The concerns have led the Council on
American-Islamic Relations, a Muslim civil rights organization with a
large grass-roots base, to draft a statement calling for an end to the
bombing in Afghanistan.
Other Muslim
groups so far have declined to sign the statement, prompting the council
to debate whether to issue it.
Some Muslim leaders hesitate to sign
for fear of provoking a backlash in the wider population and projecting an
image of being unpatriotic. Others fear alienating the Bush administration
at a time the community has made great strides in gaining political
influence in Washington. Several prominent Muslim organizations in the
U.S. backed George W. Bush over Al Gore in the presidential campaign last
year, seeking to create a unified Muslim political position for the first
time.
The debate over the antiwar statement illuminates the
divisions within the American Muslim community. Leaders until now have
tried to portray a united front in support of U.S. policy. But significant
opposition to that policy exists in the community.
"The Muslim
leadership is in a real dilemma," said Aslam Abdullah, editor of the
Minaret, a Muslim magazine in Los Angeles. "If they oppose the war, people
will point their fingers and say they are soft on terrorism.
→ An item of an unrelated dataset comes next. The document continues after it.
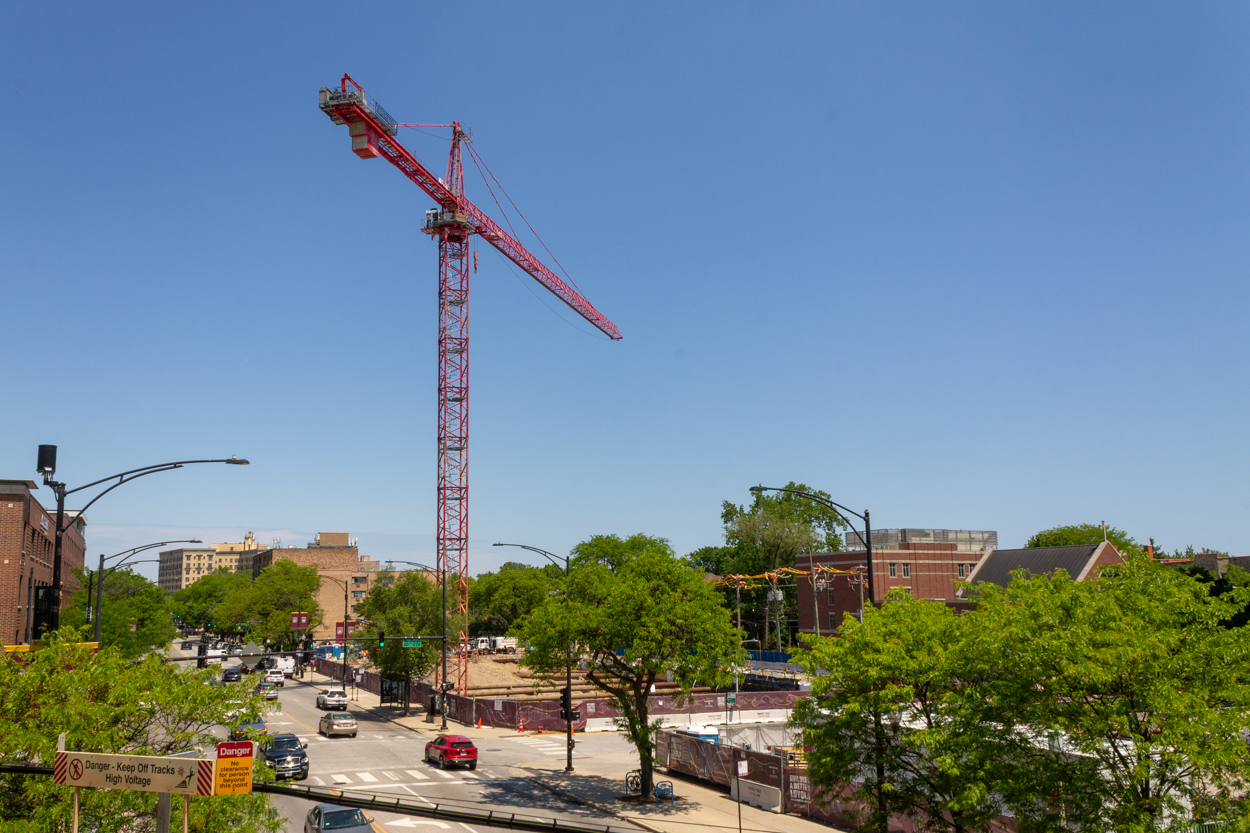 Marcella Niehoff School of Nursing and the College of Arts and Sciences building tower crane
But if they
support it, they may be speaking against their
conscience."
Abdullah, a board member of the Muslim Public Affairs
Council, has opposed the attacks on Afghanistan from the beginning of the
U.S. bombing campaign, but was unsuccessful in persuading his organization
to adopt his view.
Instead, in a statement issued Oct. 7, the day
the air campaign began, the council said it wholeheartedly endorsed the
campaign on terrorism without explicitly addressing the military
action.
Local representatives of the Council on American-Islamic
Relations said they received e-mails from members disappointed by what
they perceived as a timid stand and de facto support of an attack on a
Muslim country. Kaukab Siddique, editor of New Trend, a Muslim newspaper
based on the East Coast, circulated a call for leaders of the council and
other "bootlicker organizations" to resign if they wanted to be considered
Muslim.
Such strains are likely to grow as antiwar sentiment mounts
among Muslims concerned about civilian casualties and the possibility of a
wider war aimed at toppling regimes in Iraq and other Islamic
nations.
U.S. officials have disputed charges by Afghanistan's
Taliban leadership about the number of civilian casualties in the
bombings, but have said that some civilians have been killed and that the
number has increased as the military action continues.
Islamic
opposition to the Afghan campaign is also hardening overseas. Shaykh Yusuf
Al-Qaradawi, a popular Muslim religious authority in the Persian Gulf
nation of Qatar, has called on Muslims worldwide to resist the U.S.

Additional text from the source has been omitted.